I am trying to read a CSV file from S3 using Apache Spark, but I encounter the following error:
java.lang.NoClassDefFoundError: software/amazon/awssdk/transfer/s3/progress/TransferListener
at java.base/java.lang.Class.forName0(Native Method)
at java.base/java.lang.Class.forName(Class.java:398)
at org.apache.hadoop.conf.Configuration.getClassByNameOrNull(Configuration.java:2625)
...
These are the jars I'm using:
C:/spark/jars/iceberg-spark-runtime-3.5_2.12-1.7.1.jar,
C:/spark/jars/hadoop-aws-3.4.0.jar,
C:/spark/jars/aws-java-sdk-core-1.11.999.jar,
C:/spark/jars/aws-java-sdk-s3-1.11.999.jar,
C:/spark/jars/aws-sdk-core-2.17.99.jar,
C:/spark/jars/aws-sdk-s3-2.17.99.jar
Using only AWS SDK v1 (aws-java-sdk-core and aws-java-sdk-s3) causes authentication errors.

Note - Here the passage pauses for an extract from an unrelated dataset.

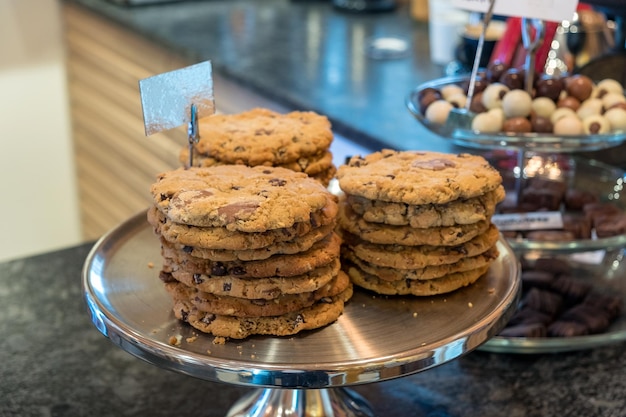 Chocolate chips cookies stacked on aluminium tray at store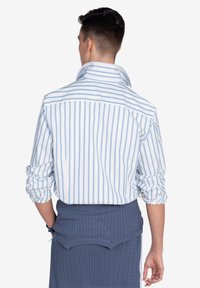Camisa de hombre a rayas con rayas verticales en azul y blanco, de material de algodón, con cuello tipo solapa y mangas enrolladas. Combinada con un suéter de punto azul.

Using only AWS SDK v2 (aws-sdk-core and aws-sdk-s3) results in missing TransferListener.
Combining v1 and v2 jars in the spark-shell command, I'm still getting the same NoClassDefFoundError
.
You should use spark.jars.packages
config variable in the codebase where you are using these functions, not directly modifying the global Spark classpath.